Editorial


Hipocresía de campaña

El desprecio de muchos candidatos por las normas nacionales que rigen la publicidad política emitidas por las autoridades electorales, y también por las normas de la Alcaldía que rigen el espacio público, es una vergüenza, pero ya es típico del comportamiento politiquero que intenta tragarse a Cartagena y a Bolívar.
No es posible hacer una campaña con una retórica cívica, de progreso colectivo, pero tener simultáneamente una práctica contraria: negativa, egoísta, de desdén por la ciudadanía y de una “sobradez” ofensiva, incubada en la impunidad de una vida al servicio de cualquier microempresa electoral y de sí mismo.
El empapelamiento y “pintorreteo” de la ciudad es de atorrantes, no de quienes merecen el voto popular. No es solo que la campaña política sea ilegal hasta dentro de unas semanas, sino que ensuciar la ciudad está prohibido. Y aunque no lo estuviera, los candidatos deberían tener la decencia y educación mínimas para saber que ese es un procedimiento indigno, que atenta contra el espacio público, que es sagrado y debería estar siempre impecable.

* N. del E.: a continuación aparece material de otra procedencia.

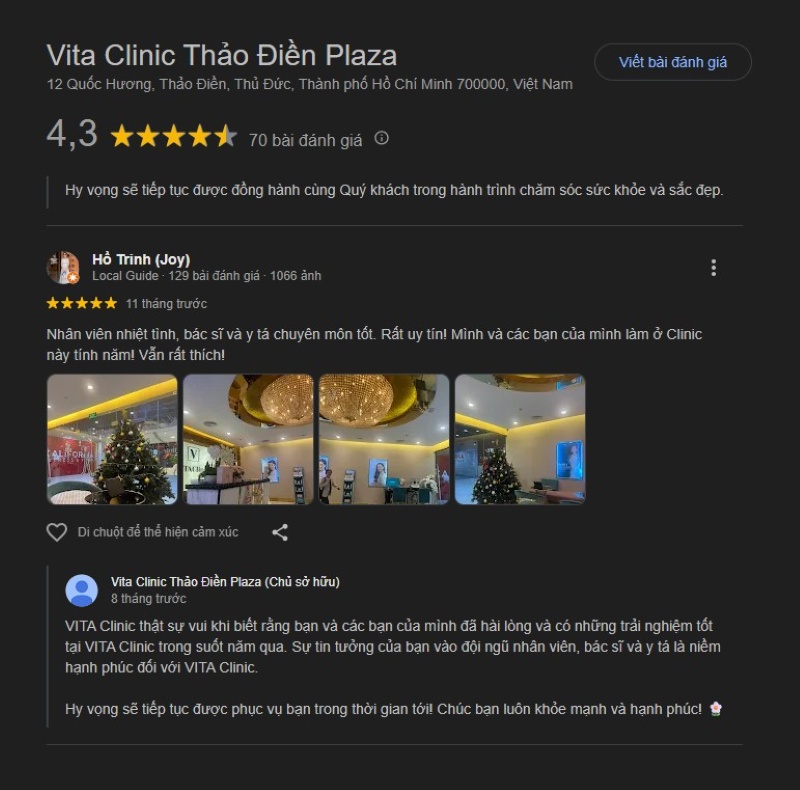 Review tiêm filler tại phòng khám Vita Clinic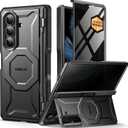 TONGATE for Galaxy Z Fold 7 Case with Privacy Screen Protector, [Compatible with MagSafe][Anti Spy] Shockproof Phone Case, Built-in Stand & Belt Clip & Hinge Cover for Samsung Z Fold 7 2025, Jet Black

¿Con qué autoridad puede hablar un candidato sobre cualquier conducta colectiva que debería mejorarse, como por ejemplo, arrojar basuras a la calle, o pintar grafitis en las paredes, cuando es el primero en dar mal ejemplo?
Algunos candidatos no se contentan con pegar unos pocos avisos, sino que empapelan muros enteros en un acto de soberbia. Quizá proclaman así la opulencia sin límites de su tesorería de campaña, atiborrada desde el principio, para apabullar a la competencia con el tamaño de la “tula” y el poder de sus financistas. Es una intimidación además de una admisión tácita de lo inadmisible.
Algunos candidatos de campañas pasadas y presentes esgrimen al argumento de que no pueden controlar el entusiasmo sin límites de sus seguidores, quienes por pura admiración altruista, financian los afiches y contratan a los expertos en empapelar la ciudad durante la noche y madrugada, con impunidad garantizada.
La intención de desconocer a los empapeladores es obvia: distanciarse de esos admiradores dizque espontáneos y anónimos, para no tener que responder por quebrantar la ley electoral. Pero en la ciudad todo el mundo sabe quiénes imprimen afiches políticos y cuáles son las cuadrillas que pegan publicidad electoral, e incluso, cual es la más rápida y sigilosa. Si hubiese entidades de control interesadas en investigar, se sabría la verdad de un día para otro.
El argumento del supuesto anonimato de los pegadores de afiches también tiene otro propósito: es un subterfugio para que corra el dinero de las campañas dizque a espaldas de los candidatos, sin que pase por los libros oficiales que mirarán las autoridades y los adversarios para controlar los topes legales.
Hay poca esperanza de que algunos candidatos –especialmente los fletados- desarrollen una conciencia cívica de un momento a otro, así que la única esperanza para desterrar su conducta reprobable de ensuciar la ciudad y los pueblos es que haya sanciones ejemplares, las que presuponen organismos de control dispuestos a actuar.